**Required action**
Return, word for word, every line starting at the line with "Verchromte Messing-Rosette, 18,6" and ending at the final line of the entries; skip the pictures.

**Stored data**
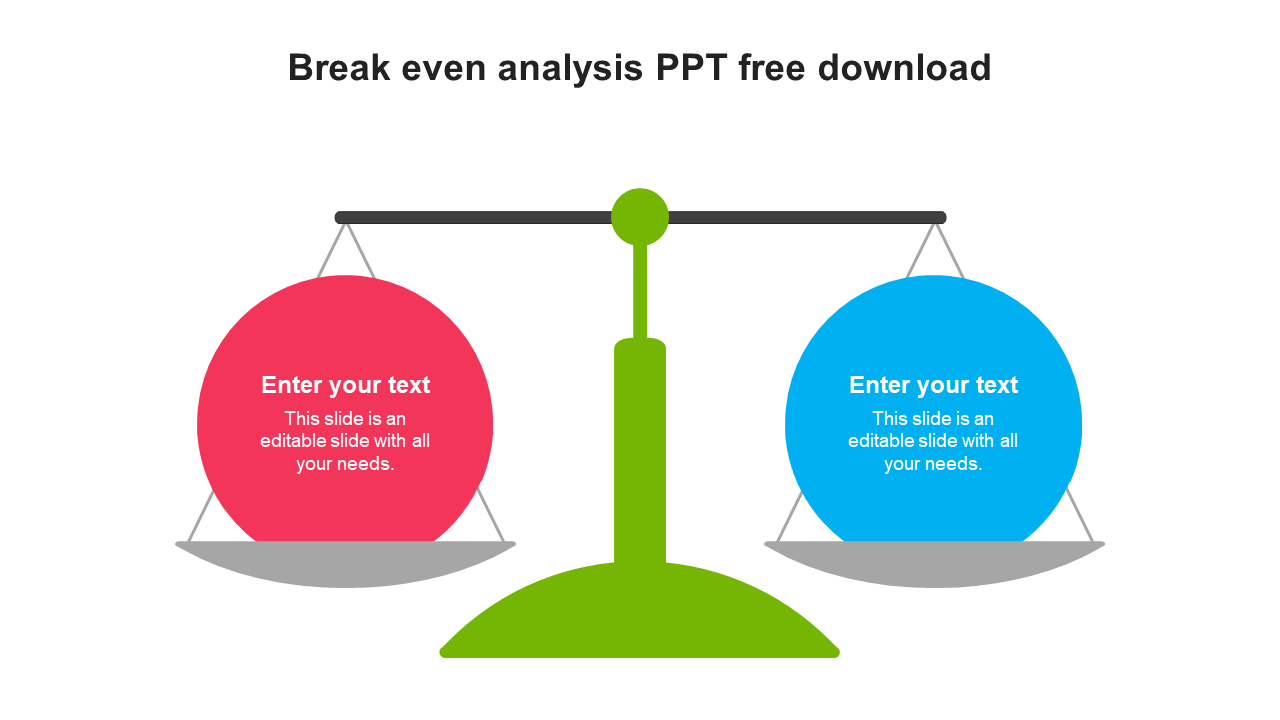 Break even analysis PPT free download templates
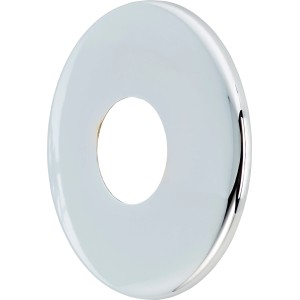 Verchromte Messing-Rosette, 18,6 mm, zur Abdeckung von Wanddurchbrüchen.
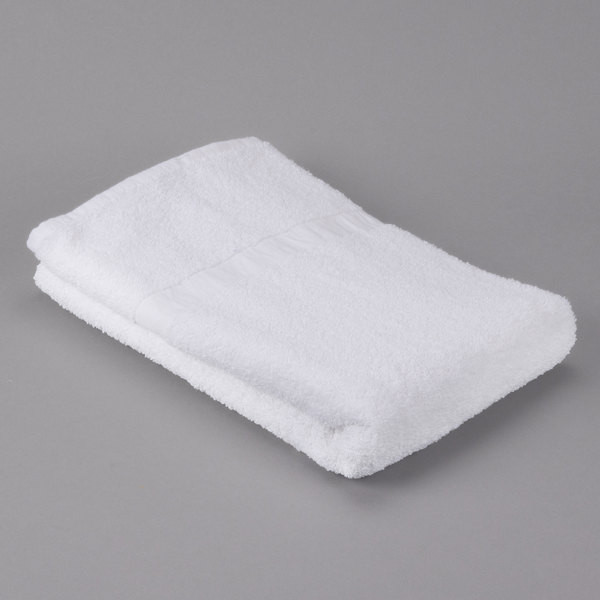 Oxford Gold Cam 24″ x 54″ Cotton/Poly with 100% Cotton Loops Bath Towel with Cam Border 12.5 lb. – 48/Case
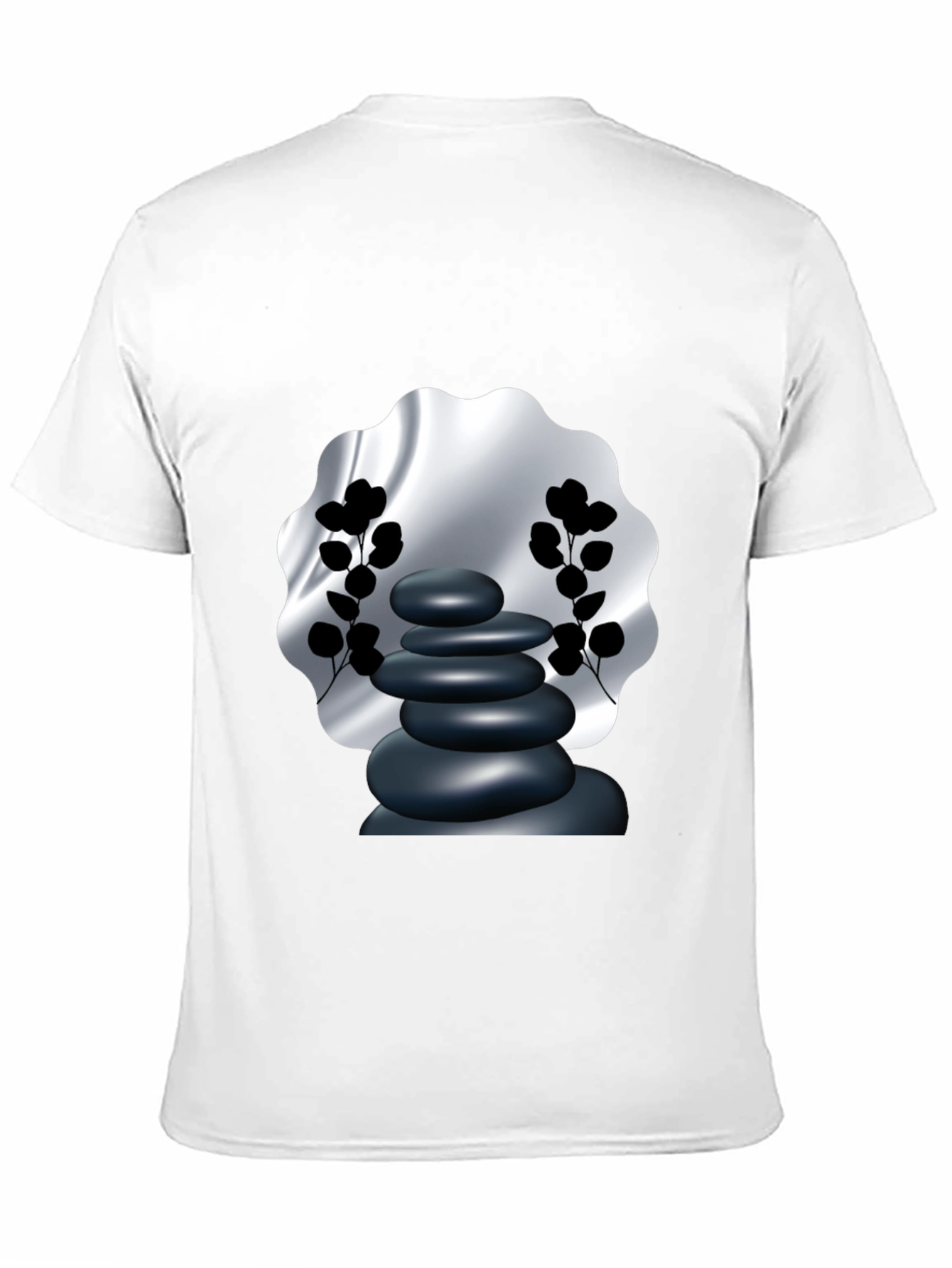 Zen Stone Graphic Tee - Meditative Style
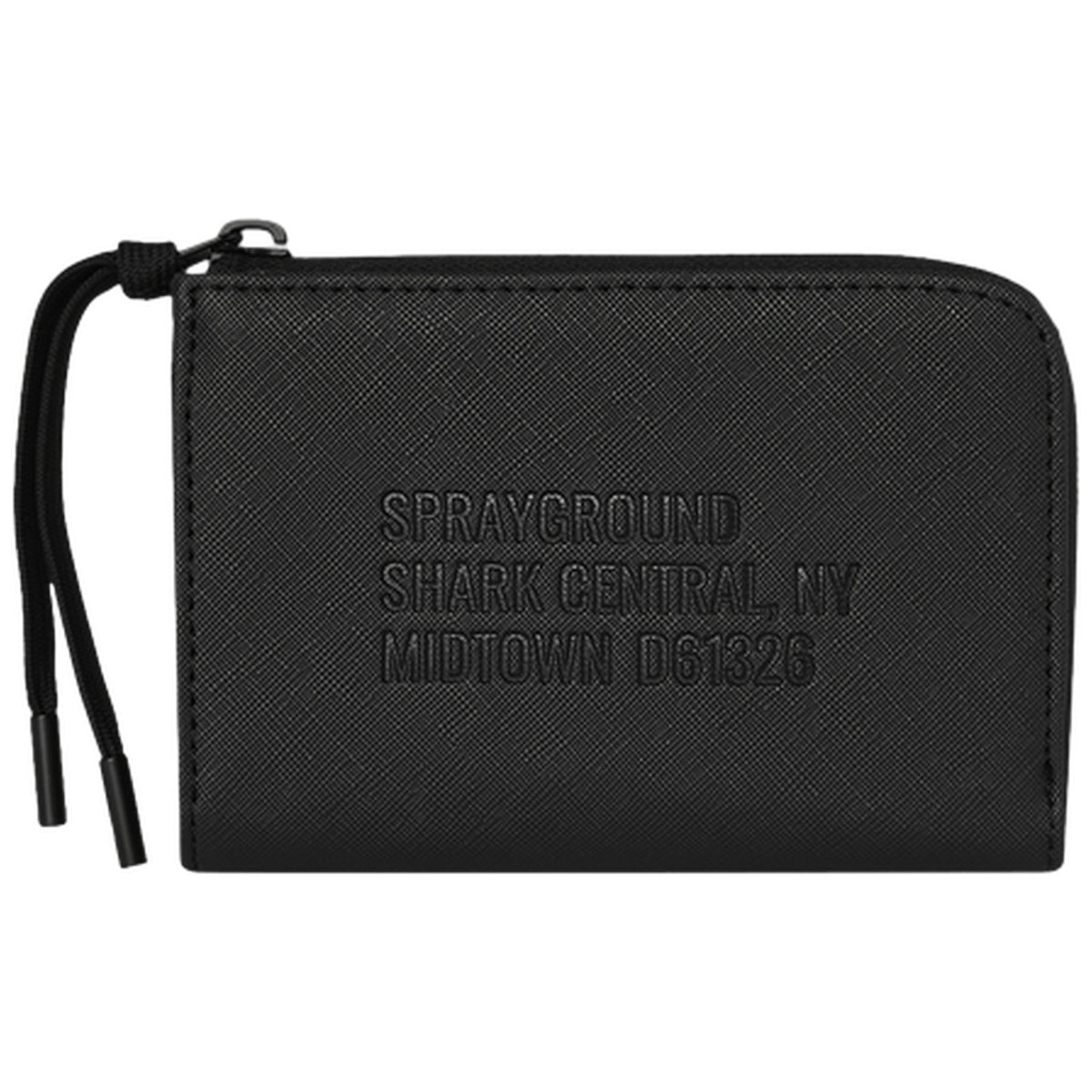 Portafogli Unisex Sprayground - Blacked Out Embossed Gold Tooth Wallet - Nero
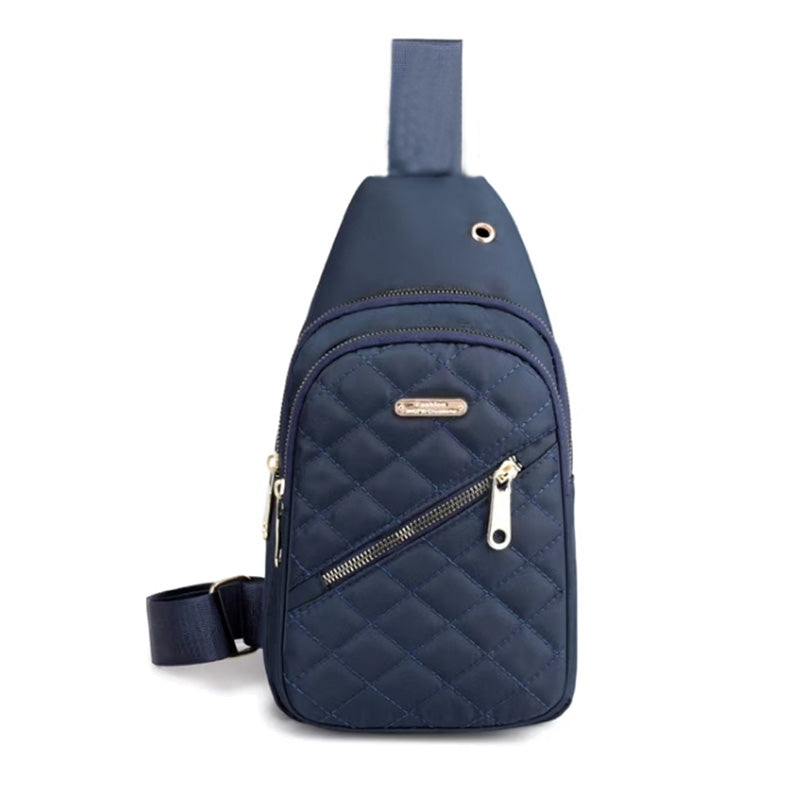 Travel Backpack For Men And Women Multi Color Slanted Fabric Neutral Style Nylon Material Bag 8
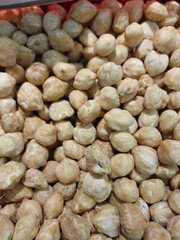 Candlenut or Kukui is a spice especially used in indonesian cooking. one of herbs that usually used for asian food as seasoning.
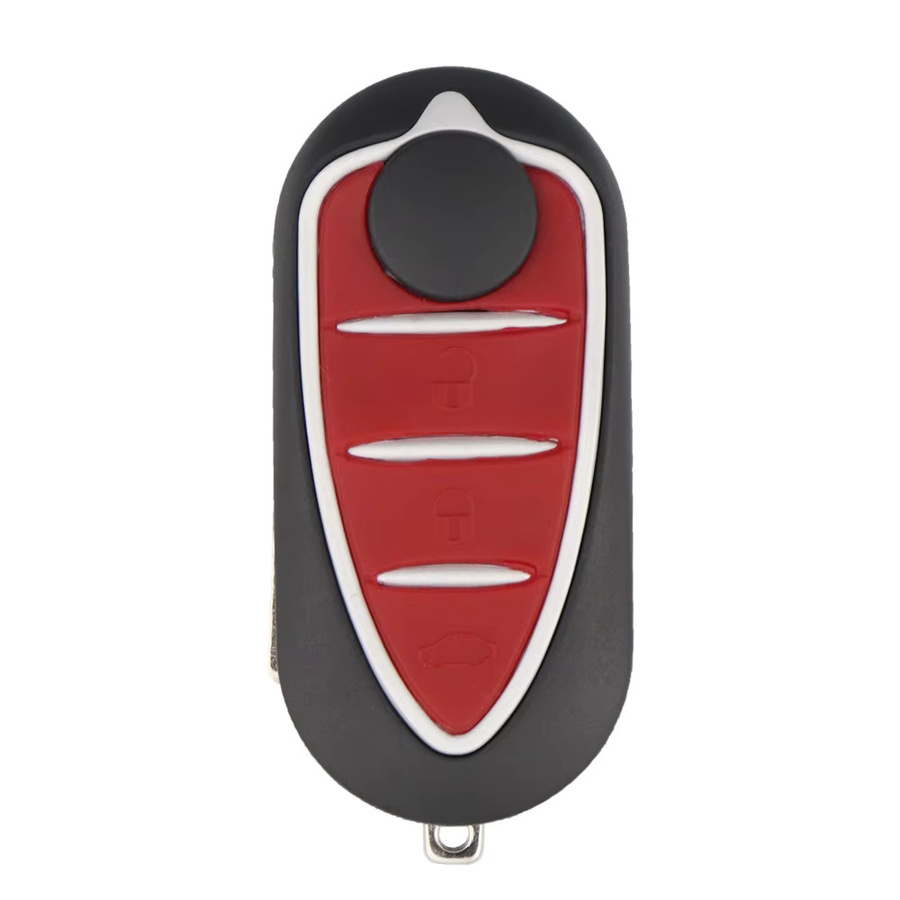 Autoschlüssel Fernbedienung für Alfa Romeo MiTo 2008–2015 und Giulietta 2010–2016 von Delphi/Marelli, 433 MHz, ASK ID46 PCF7946, Farbe: Rot, ungeschnittener Schlüsselrohling - Bild 3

**Result of the task**
 Verchromte Messing-Rosette, 18,6 mm, zur Abdeckung von Wanddurchbrüchen.
 Oxford Gold Cam 24″ x 54″ Cotton/Poly with 100% Cotton Loops Bath Towel with Cam Border 12.5 lb. – 48/Case
 Zen Stone Graphic Tee - Meditative Style
 Portafogli Unisex Sprayground - Blacked Out Embossed Gold Tooth Wallet - Nero
 Travel Backpack For Men And Women Multi Color Slanted Fabric Neutral Style Nylon Material Bag 8
 Candlenut or Kukui is a spice especially used in indonesian cooking. one of herbs that usually used for asian food as seasoning.
 Autoschlüssel Fernbedienung für Alfa Romeo MiTo 2008–2015 und Giulietta 2010–2016 von Delphi/Marelli, 433 MHz, ASK ID46 PCF7946, Farbe: Rot, ungeschnittener Schlüsselrohling - Bild 3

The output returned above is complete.